Copyright Notice
This text is copyright by CMP Media, LLC, and is used with their permission. Further distribution or use is not permitted.This text has appeared in an edited form in WebTechniques magazine. However, the version you are reading here is as the author originally submitted the article for publication, not after their editors applied their creativity.
Please read all the information in the table of contents before using this article.
![]() |
Download this listing! | ![]() |
![]() |
![]() |
Web Techniques Column 16 (August 1997)
I've been wanting to write about the save
method of the
all-singing, all-dancing, gotta-have-it CGI.pm
module for quite
some time, as a way of saving structured data into a flat textfile to
be processed later. Well, I finally stumbled on to a nice little idea
that works pretty well, and also provides yet another example of
flock()-ing a datafile and generating HTML on the fly.

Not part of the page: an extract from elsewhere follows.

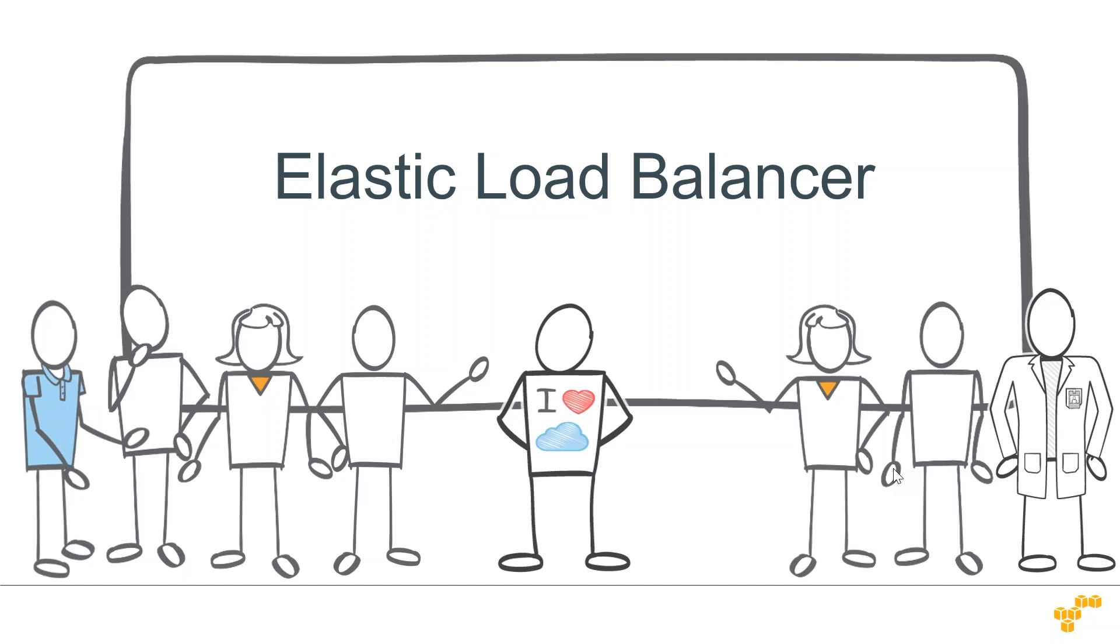Today we are going to see how to set up AWS Elastic Load Balancer, especially how to set up the classic load balancer that Amazon provides.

The idea is not a new one... it's a ``web chat'' script. This is the kind of thing where you and others go to a particular URL at the same time, and you start typing your messages into a form field, press ``submit'', and then you get to see what the others just said at the same time as you. Kindof like the too-huge-for-its-own-good ``Internet Relay Chat'', but with a lot less bells and whistles. Or a really fast-moving guestbook that keeps only the 32 most recent entries.
So I decided to hack out a little under-100-line web chat script. No bells, no whistles, no frills. Stick it somewhere, and you can talk with a friend, or make friends.
Of course, writing a column like this particular one makes me a ``newbie magnet'', as in ``someone who is likely to get a lot of uninteresting questions from people that won't do research for themselves''. I can imagine the number of email requests I'll now be getting from people who are not actually programmers but think they would be a R3AL K00L D00D to have a chat area on their website. So, they copy scripts like mine into some likely (or unlikely!) webserver area, without even bothering to configure anything, and then write me when it breaks. (I get lots of email with a first line of ``why doesn't [this program] work?'' and then a spew of 50 to 500 lines of code... joy.)
So let me state this up front, as a paragraph that I can point them to
later: this script is not meant to be used as-is. In fact, it's
not meant to be used at all. It's merely an illustration of some
technology around the CGI.pm
module and saving and restoring
queries, and yet another demonstration of flock()-ing. The fact that
the application is a simple web-chat script that actually works
(for a very small narrow definition of ``works'') is irrelevant. OK,
end of disclaimer.
But, in any event, I hereby present my little toy web chat script in [Listing one, below].
Lines 1 and 2 begin nearly every lengthy program I write, enabling taint-checks, warnings, and appropriate compiler and run-time restrictions.
Line 4 pulls in the CGI.pm module, and defines the standard useful set of form-access methods and HTML-generation methods.
Lines 7 and 8 define constants, using the new constant
module.
This module is part of the 5.004 (and later, I presume) Perl
distributions, and was created by my associate Perl trainer, Tom
Phoenix (rootbeer@teleport.com
). However, if you don't have
constant
(or cannot get it for some ludicrous pointy-haired-manager
reason), you can replace those lines with something like:
sub CHATFILE { "/home/merlyn/Web/chatfile" } sub MAXENTRIES { 32 }
and it'll work approximately the same. These two constants define the location of the chat information, and the number of prior messages to retain.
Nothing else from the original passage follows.